Paper Review - Product of Experts for Visual Generation
Summary
Summary of “Product of Experts for Visual Generation”:
- Concept:
The Product of Experts (PoE) framework enables compositional visual synthesis by combining knowledge from multiple, heterogeneous sources—such as generative models, visual language models, physics simulators, and graphics engines—at inference time. - Key Applications:
- Physics-Simulator-Instructed Video Generation: Generates realistic videos from an input image and physics simulation, fusing a physics-aware expert (guaranteeing physical plausibility) and a video generation expert (ensuring visual realism).
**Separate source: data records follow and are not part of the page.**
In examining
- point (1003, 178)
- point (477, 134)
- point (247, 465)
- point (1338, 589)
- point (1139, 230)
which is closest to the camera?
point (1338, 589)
- Graphics-Engine-Instructed Image Editing: Edits images by inserting 3D assets, combining geometric constraints (from graphics renderings) with image priors for natural results.
- Text-to-Image Generation: Decomposes complex prompts into simpler, region-specific instructions, with generative experts handling regions and a discriminative visual language model expert scoring results.
- Physics-Simulator-Instructed Video Editing: Modifies video scenes guided by physics simulations for both content and realism.
- Technical Approach:
- PoE is instantiated via sampling processes (e.g., Annealed Importance Sampling, MCMC) that interpolate between simple and complex (expert-merged) distributions.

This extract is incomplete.